I have been feeling so Blah lately… like I am always searching for distractions, trying to keep from focusing on myself.

…I feel really, really lonely.

Q – Do I have any genuine friends?  I think I need to be a friend to someone else first, right? I have not reached out to anyone new in weeks….. or at least I do not feel like I have.

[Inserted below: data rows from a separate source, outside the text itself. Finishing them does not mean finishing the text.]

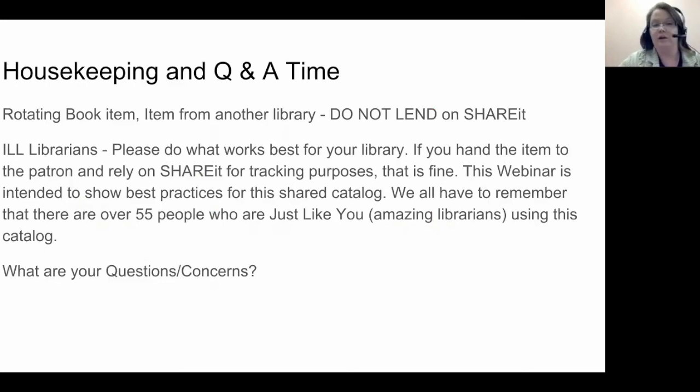In conclusion, I know I say it over and over, but make sure you do what works best for your library. You may find a combination of a dummy account and maybe still having a dummy record works best. This webinar is not intended to tell you what you have to do — it's just showing you best practices in this shared catalog. We all share this catalog and we want to keep our database clean and serve our patrons as quickly as possible. Thank you for attending and I'm happy to take any questions or concerns involving ILL.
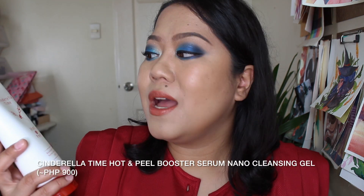I want to start first with skin care. For cleansing, I have two favorites. This one is called Cinderella Time Hot and Peel Booster Serum Nano Cleansing Gel — quite the name. It looks like this. What's so nice about this is that it's a cleansing gel, so it doesn't lather or anything. It's a gel product with a translucent texture. When you apply it on your face, it becomes an oil cleanser and it feels warm — warm right on your face. Kind of weird, but it really works. I love this for medium makeup days when I'm not wearing super waterproof makeup. It just feels like my pores are so clean afterwards and my skin feels so soft — it has instant skin improvement. I got this from Tokyu Hands, I think last year.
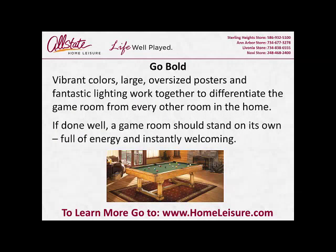Go bold. Vibrant colors, large oversized posters, and fantastic lighting work together to differentiate the game room from every other room in the home. If done well, a game room should stand on its own, full of energy and instantly welcoming.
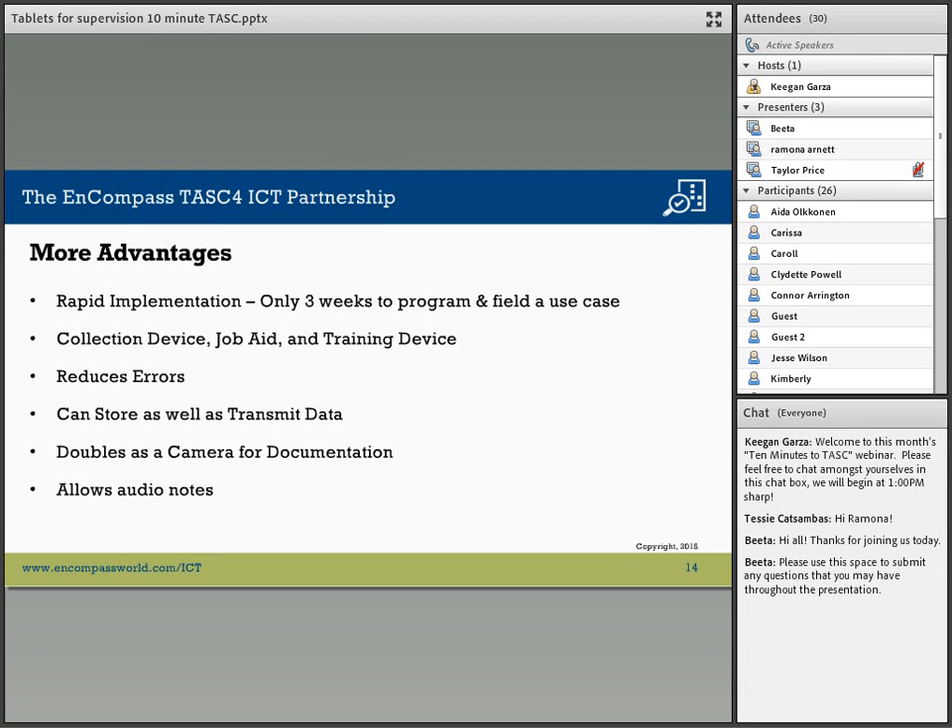Once a set of data to be gathered has been defined, we can rapidly implement one of these projects — it takes three weeks to program a field use case. The tablets, and phones by implication, are used as collection devices for data and information, job aids, and training devices. They have checklists and mini courses — all kinds of possibilities — and they reduce errors.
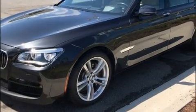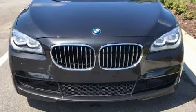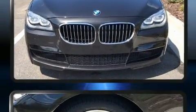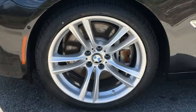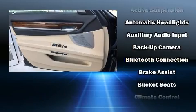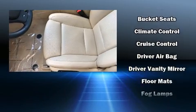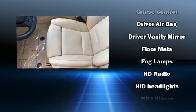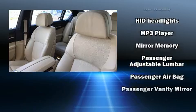Top features include remote keyless entry, power trunk closing assist, voice-activated navigation, automatic dimming door mirrors, front and rear air conditioning, and power seats. Enjoy your favorite music via the stereo system, which includes a CD player with MP3 capability and 16 speakers, yielding a symphony-like audio experience.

I did meet a really intriguing and beautiful person though… Mackenzie, god she has a great smile.  She even gives me hugs!! After knowing her for what, three weeks?  Just thinking about getting a hug from her makes me tear up.  🙂  You have no idea how long it has been since I have actually been touched by another human!! Anything, just a simple touch on the arm or shoulder and I start to melt.  I don’t feel lonely when I am with her…  Time passes by and I don’t even notice, I am content when I am with her. 🙂

We sit in that pottery studio, making things, chatting, seeing each other….. being present in that moment, together. Listening to her. giving her all of my focus.  This feels like a vacation from my own mind, it is blissful.  I go there every day there is open studio time…. five days a week I walk in there with hope in my heart. 🙂 ~♥~

And I never want these days to end.  I head home smiling, thinking about the next time we will be together…  what stories can I tell her,  Funny observations, ideas, random wonderings…. just feeling close. 🙂

Oh, did I tell you??  Two new chicks have hatched!!  Awesome, I am counting down days on the calendar, coming up on 21 days with Francine aka Furball (she is a Silkie) touching her feels like petting a cloud.  🙂  She is being an awesome Mom, always protecting them , keeping them warm.

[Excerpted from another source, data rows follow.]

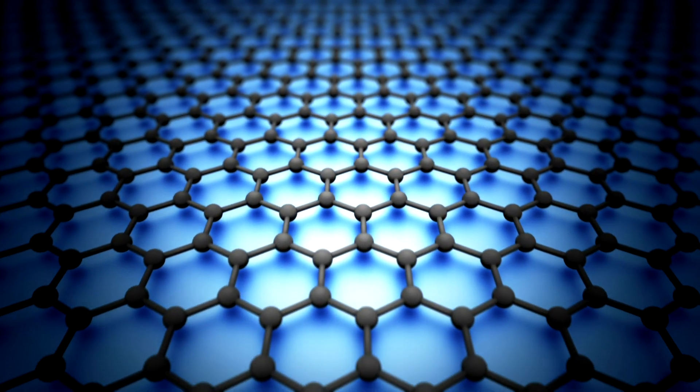Graphene is a carbon structure that's one atom thick, but it also can be perforated almost like a sieve to serve the role as a membrane. It's a filter that's advanced in a way that's interesting.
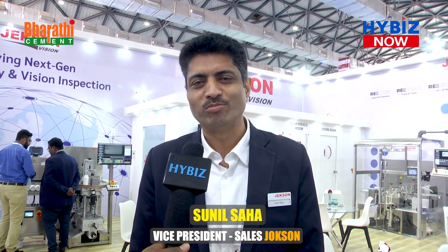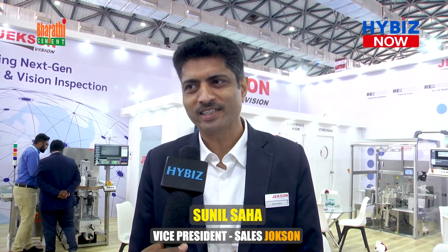Hi, I'm Sunil Saha. I'm working here as a Vice President, responsible for the business in India. As usual, we are here at Pro-Pack for the domestic market as well as for our international customers.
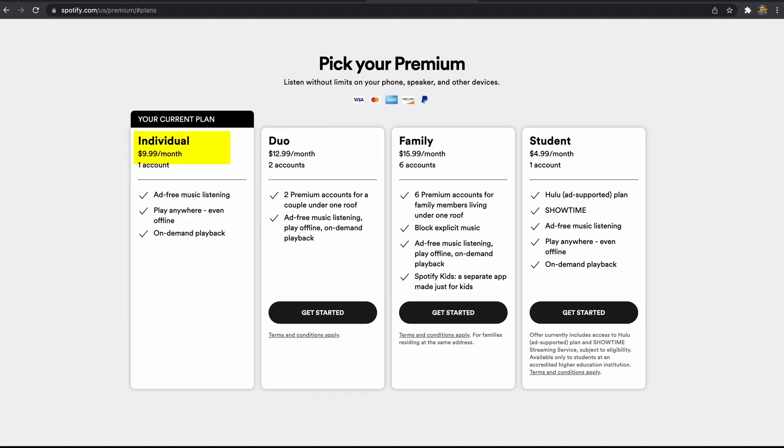Another thing I could do to increase my rewards is bump my Spotify plan. You get up to $13.99 100% reimbursed, so I could upgrade from the individual plan to the duo plan. If I had a roommate or significant other, I could get another $3 of CRO every single month. I'm going to see how the next couple of months go and may upgrade to the Royal Indigo card.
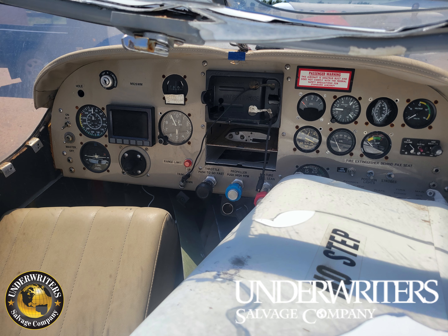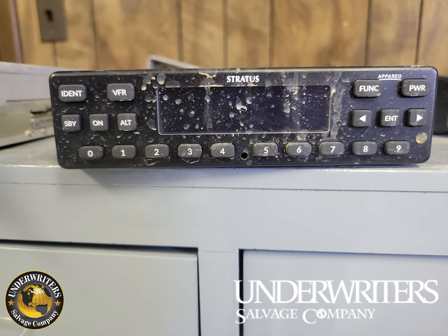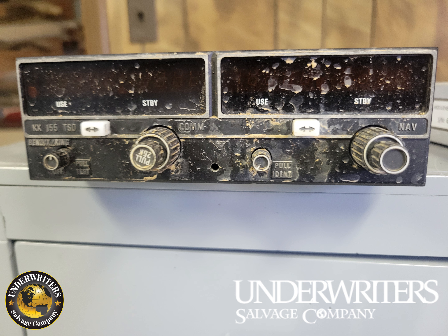For avionics, it's got a Paro Stratus ESG ADS-B compliant transponder, a Bendix King KX-155 TSO, a Dynon EFIS, and a Garmin GPS 296.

When was he last time that I had that warm and fuzzy feeling from another human? No particular time leaps to mind other than time with Mackenzie.   🙂

I don’t really know if I ever really feel happy in the apartment, I feel safe, insulated, but not connected.   …Listening to Mel: 70% of adults feel lonely. We are meant to feel connected…. I am paraphrasing here…. Feeling lonely in the middle of a crowd? This is me every day.  Yes, I feel happier even after talking to a stranger…

Don’t laugh, but I talk aloud to myself all the time… this gets less strange looks when I have an ear bud in in one ear… They think I am talking to another human,  I can keep a nearly endless and continuous conversation going with imaginary friends, dinner plans, asking about their kids…. probably why I talk to my animals. 

I do feel connected when I am working with students.  🙂  I forget myself when I am working with them!!

Q – is this why I am feeling so blah, like I am always searching for distractions, trying to keep from focusing on myself? When was he last time that I had that warm and fuzzy feeling from another human? Nothing leaps to mind.

I don’t really know if I ever really feel happy in the apartment, I feel safe, insulated, but not connected. 70% of adults feel lonely. We are meant to feel connected…. I am paraphrasing here…. feeling lonely in the middle of a crowd? This is me every day. I feel connected when I am working with students.

2 Comments
  1. murphygrey 1 year ago

    I’m sorry you feel this way. I understand the feeling of loneliness all too well.

    I don’t consider that I have friends at all. Acquaintances, yeah ok, sure, mostly from work and almost entirely AT work, but actual friends I see on our own time? Even just one? nope.

    There is no one I can call for a girls’ night out, or an afternoon over, or an evening in for watching movies. There is no one who calls me… for anything. Except my man, and then only when he requires something from me. It’s never just to talk or say he loves me. Doesn’t matter that intellectually I know he loves me when he so rarely shows it.

    I’m so starved for affection, too. Not romance, just… you know… A Friend Who Cares And Is Nice.

    And the worst part of that is how so very many of us feel the exact same way. We want someone who cares, and there isn’t anyone.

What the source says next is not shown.